For most situations, we would not recommend installing this plant in new gardens, landscapes, or plantings in southern California.
Not only is it a relatively uninteresting plant, an insect called myoporum thrips has become a major problem for this plant in this region and often causes the decline or death of plants.
While not as low-growing, our top recommendations to consider instead of this plant include Pigeon Point coyote brush, Theodore Payne buckwheat, Point Sal sage, and Mrs. Beard sage. All of these are more interesting plants that provide far greater benefit for native songbirds and beneficial insects.
This plant profile is included in this site as a reference for two primary reasons:
- If you already have this plant in your landscape, this information can be used to know how to care for it.
- If you already have this plant in your landscape, you can use this information to learn which of our recommended plants have the same recommended watering needs, making them potential choices for grouping together if you will be adding new plants to the existing area.

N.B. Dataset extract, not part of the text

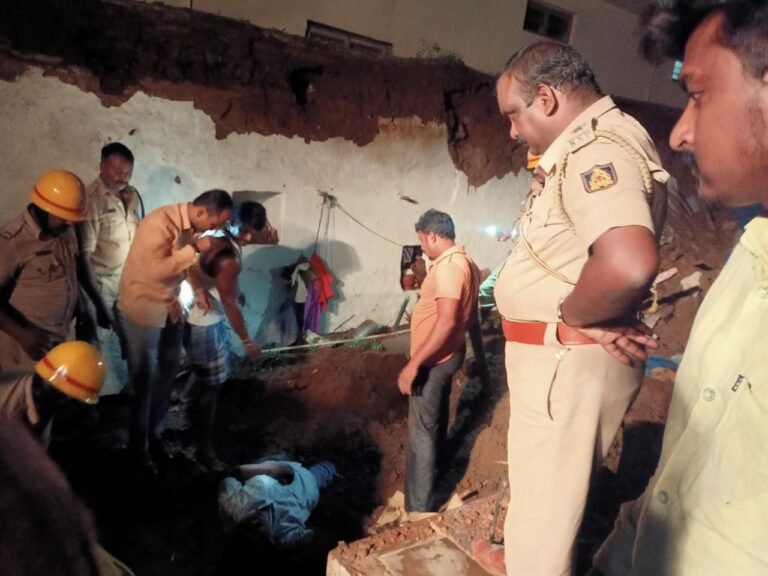 ಭಾರೀ ಮಳೆಗೆ ಕುಸಿದ ಛಾವಣಿ; ಉಸಿರುಗಟ್ಟಿ ಮನೆ ಮಾಲೀಕ ಸಾವು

In general, instead of this plant, we recommend planting appropriate California native plants whenever possible.
In addition to their beauty, California native plants offer the most additional benefits beyond just low water use, including habitat for the birds, butterflies, and pollinators who evolved here with them. This adds value and beauty in your landscape beyond just a pretty plant, allowing the landscape to actively contribute to the environment instead of just using less water. You can find our top recommended native plant choices on our Plant Finder by selecting “California Native” and learn more about California native plants here.
To learn what exactly California native plants are and how they are different from other low water plants, visit this link.
For visual interest or other reasons, some people may also want to mix in other non-native low-water demanding plant choices even though they do not have the same ecological value as native plants. For that reason, we feature a number of non-native waterwise selections on this site as well. However, we see native plants as the best “go to” for most landscape or garden choices! We encourage people to consider planting at least 50% of their landscape to native plants. See our Garden Designs section or visit our Waterwise Demonstration Garden in Montclair for plenty of inspiration.
This very prostrate shrub grows 6-8 in. high and can quickly spread 12-15 ft. across and more. Its foliage is comprised of small medium green leaves, to 1 1/2 in. long, 1/8 in. wide with small teeth around leaf margins. Numerous white flowers occur in clusters along branches in early spring and intermittently throughout the year.
This species is native to hot and dry interior plains of southern Australia. In Southern California, it was used extensively on slopes, medians and understory plantings. It tolerates heat and frost, and can be sustained with low amounts of supplemental water. Plants are often short lived and decline after five years or so if myoporum thrips insects do not cause their decline first. The cultivar M. p. ‘Putah Creek’ has larger leaves that grow to 1 1/2 in. long.